No importa que tengan dolor de cabeza, un brazo roto o cáncer de
páncreas: aspirina. O tres aspirinas. O un
paracetamol y tres aspirinas. Es algo sin sentido, que sólo se explica por el
hecho de que se ha olvidado la importancia medicinal de la penitencia para
sanar las heridas concretas del penitente. También lo dice claramente el
Catecismo: “La
penitencia que el confesor impone debe tener en cuenta la situación personal
del penitente y buscar su bien espiritual. Debe corresponder todo lo
posible a la gravedad y a la naturaleza de los pecados cometidos” (CEC
1460). En mi experiencia de más de treinta años confesándome, esto no sucede
casi nunca. Y es una pena.
De las
cinco o seis veces que no me han puesto padrenuestros y avemarías como
penitencia en toda mi vida, recuerdo
un caso en que la penitencia fue algo más parecido a lo que debería ser.

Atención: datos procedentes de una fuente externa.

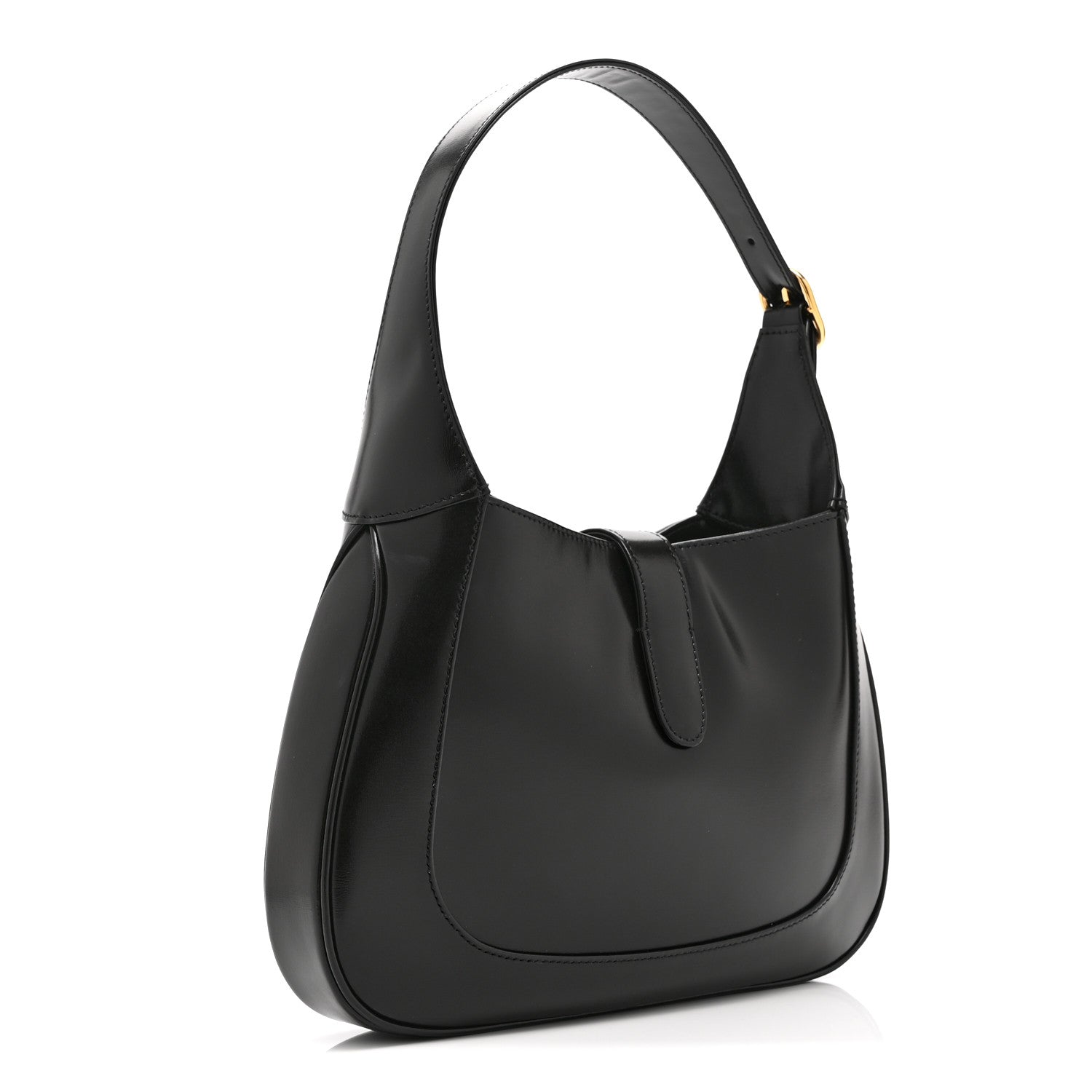 Boarded Dyana Lux Calfskin Small Jackie 1961 Hobo Black
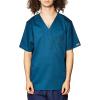 Cherokee Scrubs for Men Tuckable V-Neck Nursing Scrub Top with Chest Pocket, Side Vents & 2-Way Stretch Fabric – 4743(Caribbean Blue)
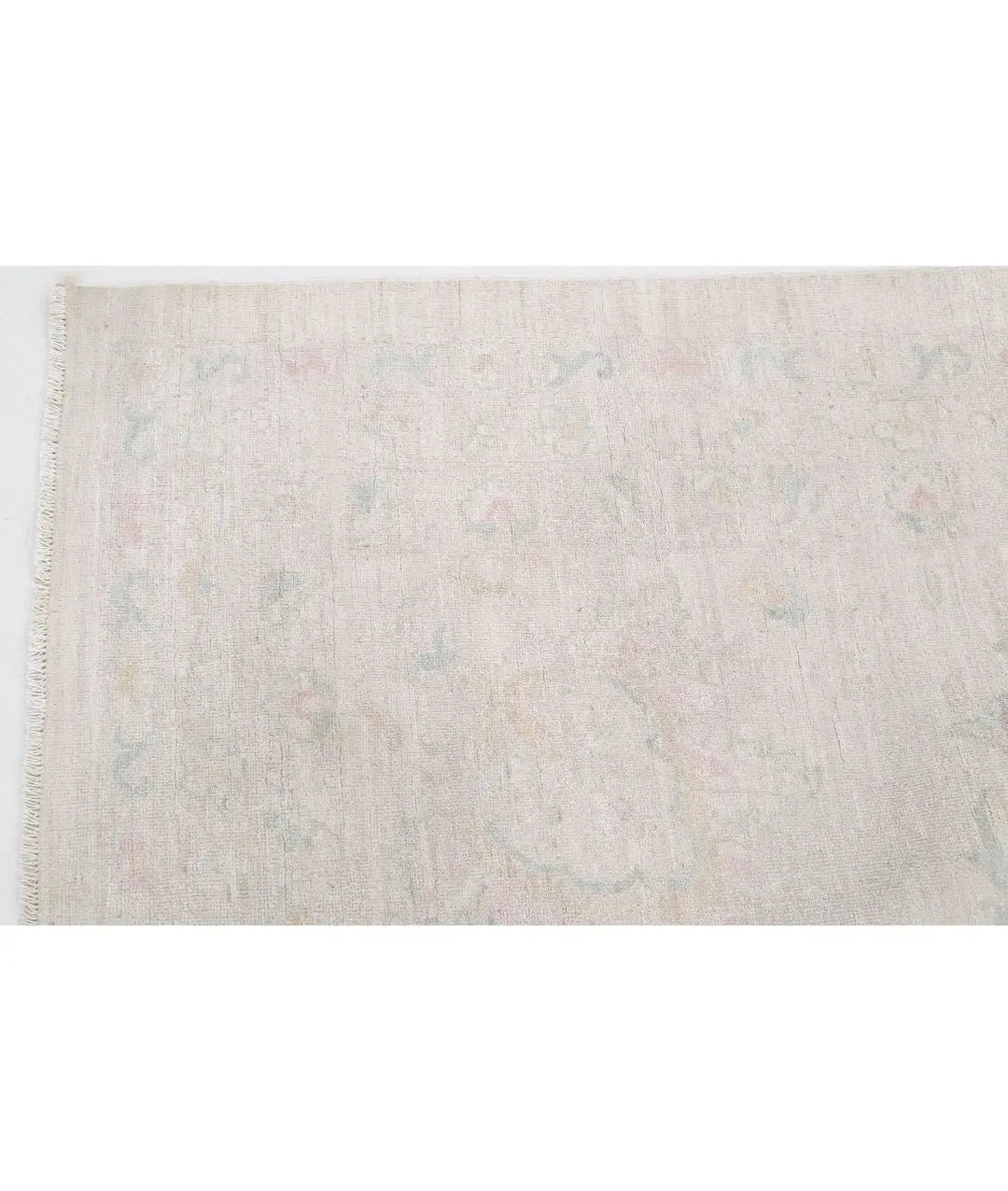 Ivory Afghan Serenity Rug 19' 4" x 25' 6" Hand-Knotted | No. AT92281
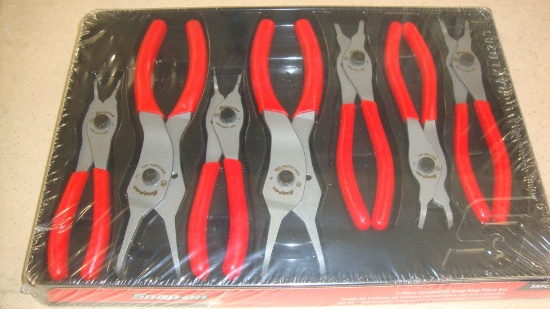 New Snap On 7pcs Convertable Snap Ring Pliers Set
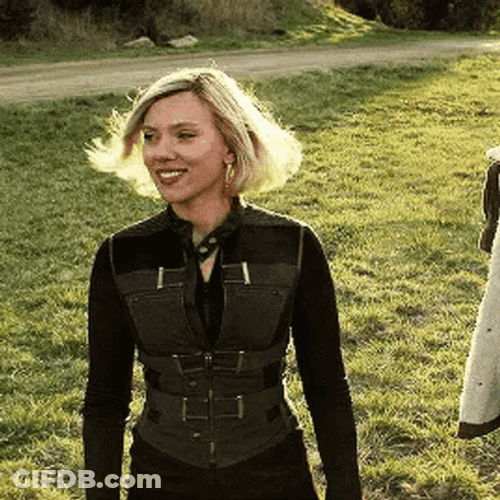Black Widow Smiling Homely GIF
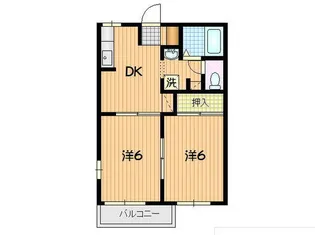 エリア001 B棟【2階】の間取り
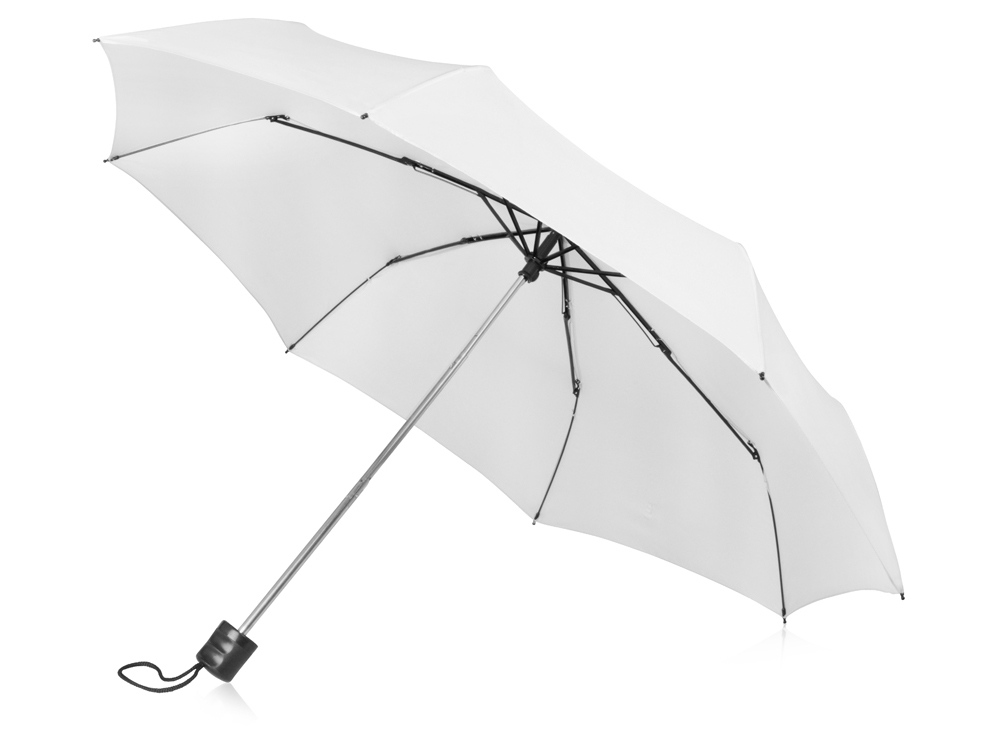 Зонт складной "Columbus", механический, 3 сложения, с чехлом, белый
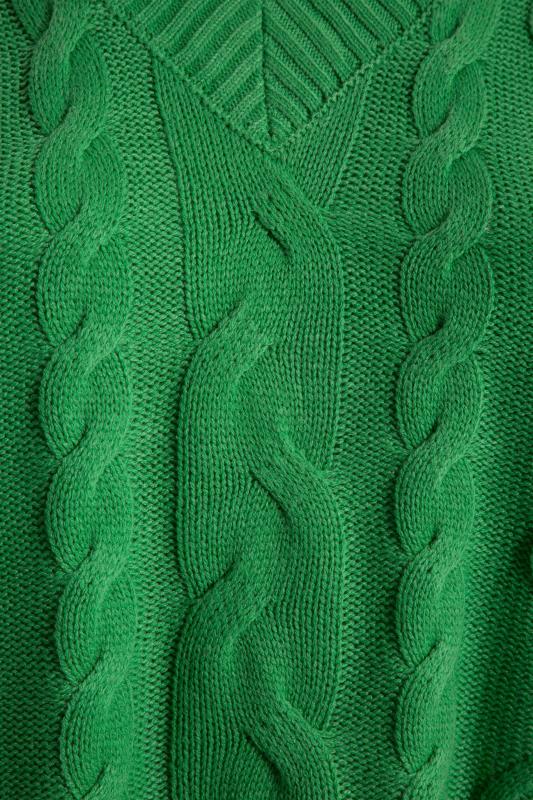Curve Bright Green Cable Knit Sweater Vest Top_Z.jpg
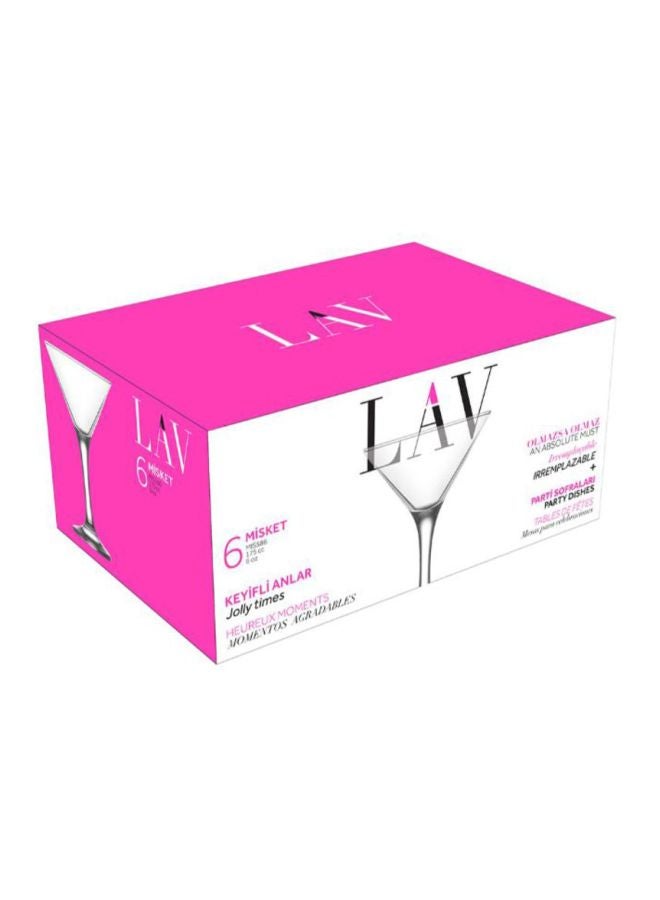 LAV 6-Piece Misket Glass Set Clear 148mm  - Image 3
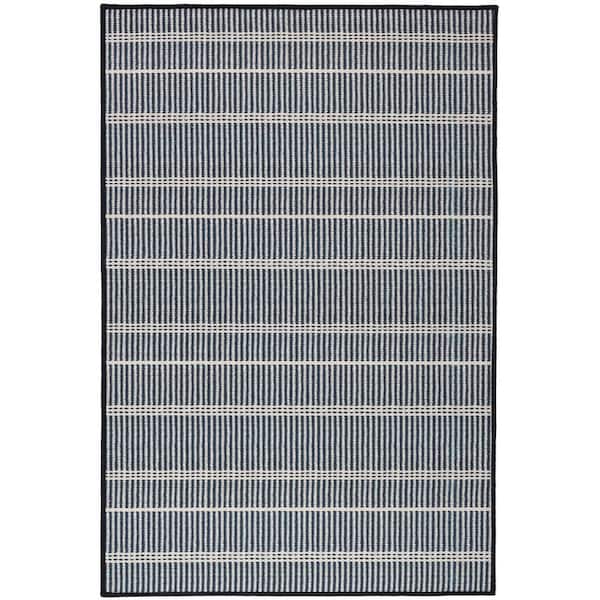 Samson Machine Washable Black 8 ft. x 10 ft. Indoor Area Rug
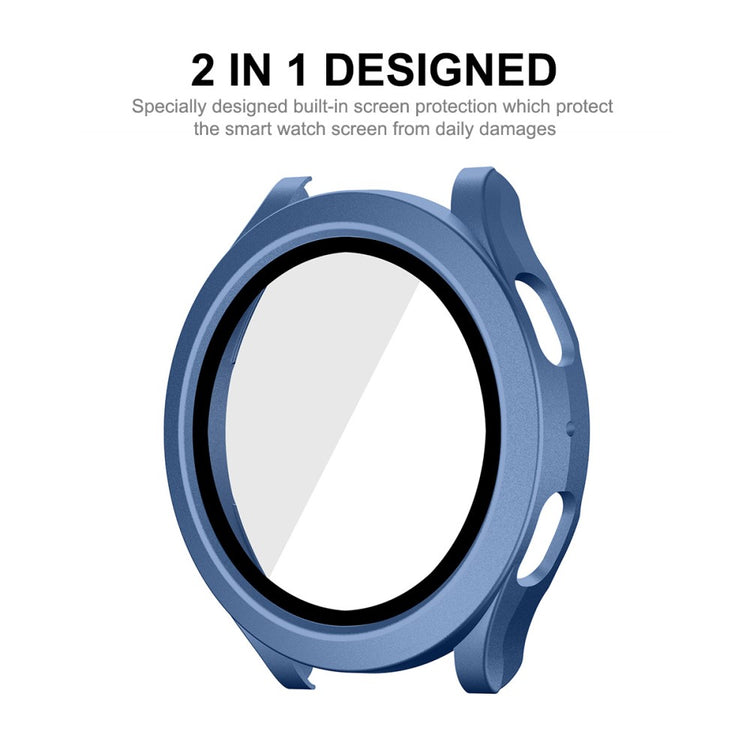 Meget Fint Samsung Galaxy Watch 5 (44mm) / Samsung Galaxy Watch 4 (44mm) Cover med Skærmbeskytter i Plastik og Hærdet Glas - Pink#serie_4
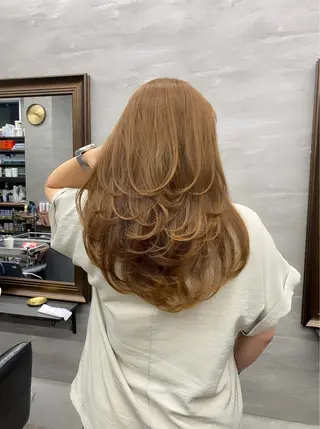 ロング カラー 🔷似合わせのプロ KUMA🔷のヘアスタイル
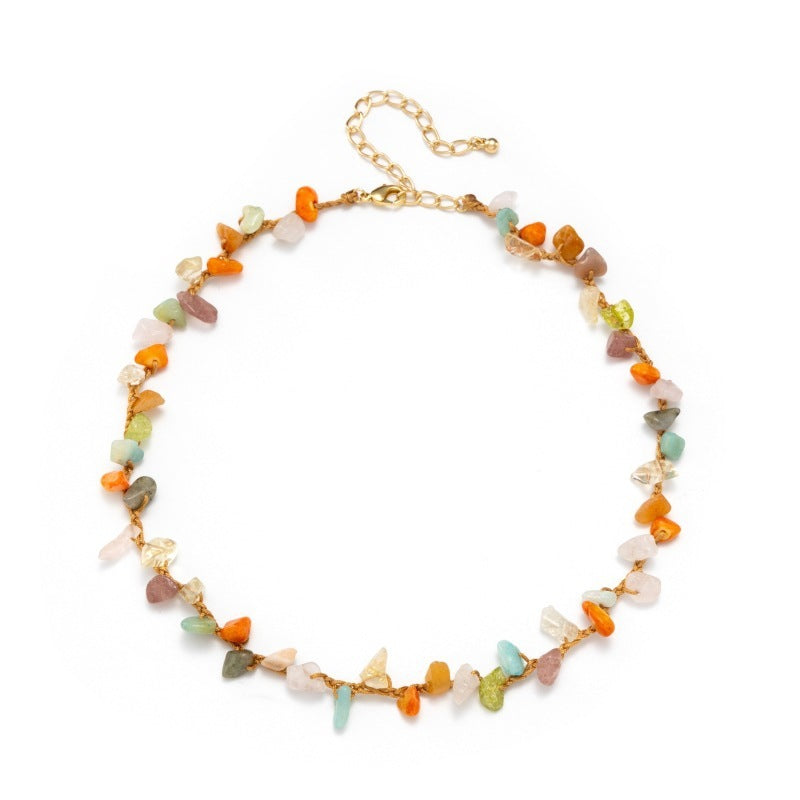 Collier "Éclats de Plage" en Pierres Naturelles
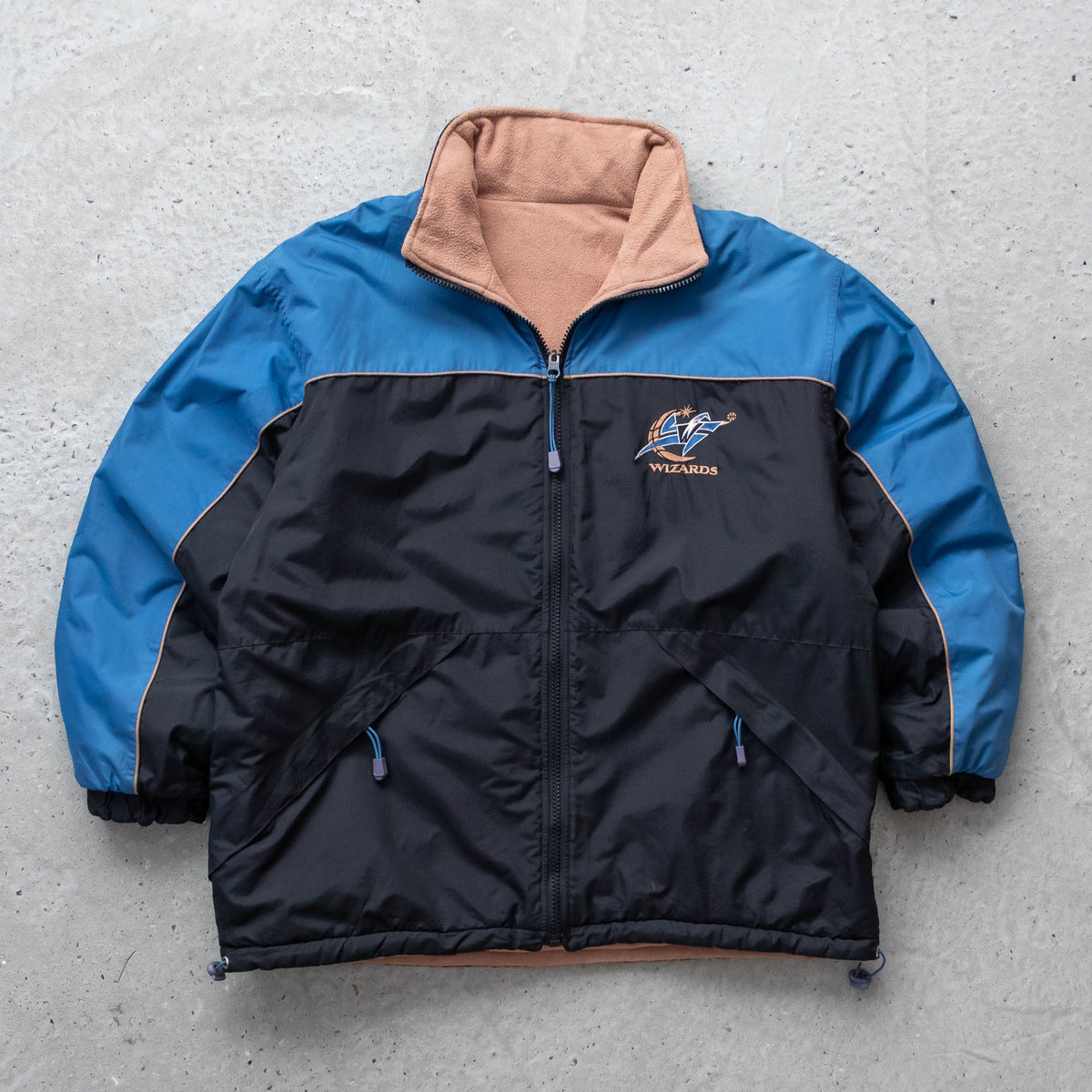 Washington Wizards NBA Reversible Fleece Jacket - 90s (XL)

Me confesé (otra vez) de soberbia y el sacerdote me habló un rato sobre la
humildad y me puso penitencia que rezase, muy despacio, el Magníficat, para que
aprendiera a los pies de la Virgen lo que es la humildad, para que me sonrojase
al ver que la Inmaculada, la Llena de Gracia, la Reina de los Ángeles y de los
Santos era capaz de hacerse pequeña ante Dios mientras que yo buscaba ponerme
por encima de los demás. Me resultó una penitencia verdaderamente medicinal y
apropiada a mi enfermedad particular.
De nuevo,
no estoy inventando nada. El Catecismo también da diversas sugerencias sobre
esto: la penitencia “puede consistir en la oración,
en ofrendas, en obras de misericordia, servicios al prójimo, privaciones
voluntarias, sacrificios, y sobre todo, la aceptación paciente de la cruz que
debemos llevar” (CEC 1460). En una diócesis que conozco, para el pecado
de aborto se acostumbra a imponer la penitencia de ayudar durante cierto tiempo
en una residencia para niños enfermos o con problemas. Estoy seguro de que esa
penitencia contribuye a que la persona que ha abortado sane y se convierta. Y,
como decía antes, antiguamente en la Iglesia se imponían penitencias
significativas, a veces muy duras, que ayudasen a la conversión verdadera del
pecador.
Temo que
el olvido de la importancia de la penitencia sea una de las causas que contribuyen a que, tantas veces, la confesión no
conlleve una conversión o incluso a que la gente diga que prefiere “confesarse con Dios”. La penitencia nos saca de
la rutina, dificulta que nos confesemos por cumplir y ayuda a conseguir una
sanación tanto moral como psicológica.
Ánimo confesores, a echarle un
poco de imaginación. Supone
un pequeño esfuerzo, pero dará frutos de vida eterna. No podemos desperdiciar
esta ayuda maravillosa que nos entrega la Tradición de la Iglesia. Si alguien
se confiesa de gula, ¿qué tal un viernes de ayuno?
Si se acusa de idolatrar el trabajo, ¿por qué no
sacar a sus hijos al parque? Para el comodón, leer la Pasión. Para el
apegado al dinero, desprenderse de algo querido y ganar un tesoro en el cielo.
Si uno es colérico, copiar entero el Sermón de la Montaña. Si no ha ido a Misa
un domingo, ir a misa de diario durante una semana… O cualquier otra cosa que
les parezca oportuna, que para eso son confesores y tienen gracia de estado.
Pero, por favor, basta ya de aspirinas para todos.